A reader thought we had overstated how bad things were in Hedgistan our post earlier this month, Public Pension Funds Starting to Abandon Hedge Funds….More Than a Decade Late, when we described a sea change underway. Readers may recall that CalPERS, often a trend-setter among public pension funds, had decided to end its hedge fund investment program in late 2014. Hedge funds had experienced a net withdrawal of funds in the fourth quarter of 2015, the first in four years. That was followed by an exodus of $15 billion the next quarter. Mind you, this took place against a background of pension funds, endowments, and other long-term investors committing even more funds to alternative investment as a result of inadequate returns in safer options, including making record investments in private equity.
Our reading was confirmed ten days later when the New York City pension system followed CalPERS in terminating its investments in hedge funds, citing “exorbitant fees” and underwhelming results. From Reuters:
“Hedges have underperformed, costing us millions,” New York City’s Public Advocate Letitia James told board members in prepared remarks. “Let them sell their summer homes and jets, and return those fees to their investors.”

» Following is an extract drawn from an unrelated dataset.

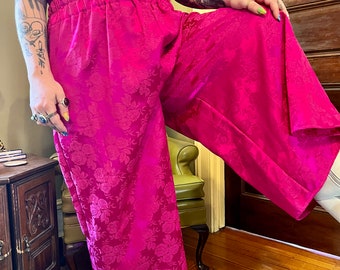 LBV Handmade Hot Pink 80’s Brocade Double Elastic Waistband Wide Leg Palazzo Pants 2X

Today, as recounted by the Financial Times, hedge fund kingpin David Loeb described in his first-quarter letter to investors how the hedge fund downdraft had only just started:
One of the most powerful US hedge fund managers believes that the industry is in “first innings of a washout” after a string of disastrous market calls inflicted steep losses on many funds…
The first quarter was “one of the most catastrophic periods of hedge fund performance that we can remember since the inception of this fund,” in December 1996, Mr Loeb said. “There is no doubt that we are in the first innings of a washout in hedge funds and certain strategies.”
Mr Loeb recounted a litany of recent woes for hedge funds. Many have been caught on the wrong side of market swings, such as those related to the Chinese economy and its currency, he pointed out.
Successful bets from 2015 on Facebook and Netflix have soured, and turns in the fortunes of Valeant and Allergan — two companies where hedge funds piled into their shares — “decimated” portfolios, Mr Loeb said…
Funds that had moved into market-neutral strategies at the end of last year were still running high-risk portfolios, Mr Loeb wrote, and when risk assets sold off this year, “market neutral became a hedge fund killing field.”
Event-driven fund management strategies such as Mr Loeb’s were among the hardest hit by outflows in the first quarter, with a net outflow of $8.3bn, according to HFR data. More than half of that was pulled from activist strategies.
It’s not just that the average performance has been poor, lagging the S&P 500. What has particularly hurt the industry is that many of the celebrated players who had the aura of being able to perform well in bad markets, or at least adequately, have stumbled, including Loeb, John Paulson, David Einhorn, and Bill Ackman.
We’ve also gotten reports of similar rending of garments at mid-tier players. A colleague met with a partner in an activist fund who he estimates is worth a minimum of $75 million. Not huge by hedge fund standards but not shabby either. He was angry because in his view, the hedge fund game was over, in part due to the growing investor revolt over fees, and in part due to the Fed making it impossible for hedge funds generally to do anything right (as in so many people are trying to second-guess the Fed’s every twitch that it’s virtually impossible to trade the market well even when you have decent fundamental takes).
So the sense of impending doom in hedge fund land is real. Of course, their version of disaster is having to pare back their house renovation or art collection or political influence plans because their future income is looking to be less rosy than they’d anticipated. But it still couldn’t happen to a nicer bunch. Hedge funds are ultimately arbitrageurs. Even the activists, which is a strategy that can claim to add real value by targeting badly run companies or dodgy reporting, often rattles cages and makes a quick killing rather than effecting lasting change.
While a certain amount of arbitrage is salutary to allow markets to function well, the level of resources committed to and rent extraction associated with hedge funds is completely out of whack with any social value (and in fairness, unlike the private equity industry, hedgies for the most part don’t pretend to be virtuous). So having them cut down to size would be a salutary development indeed.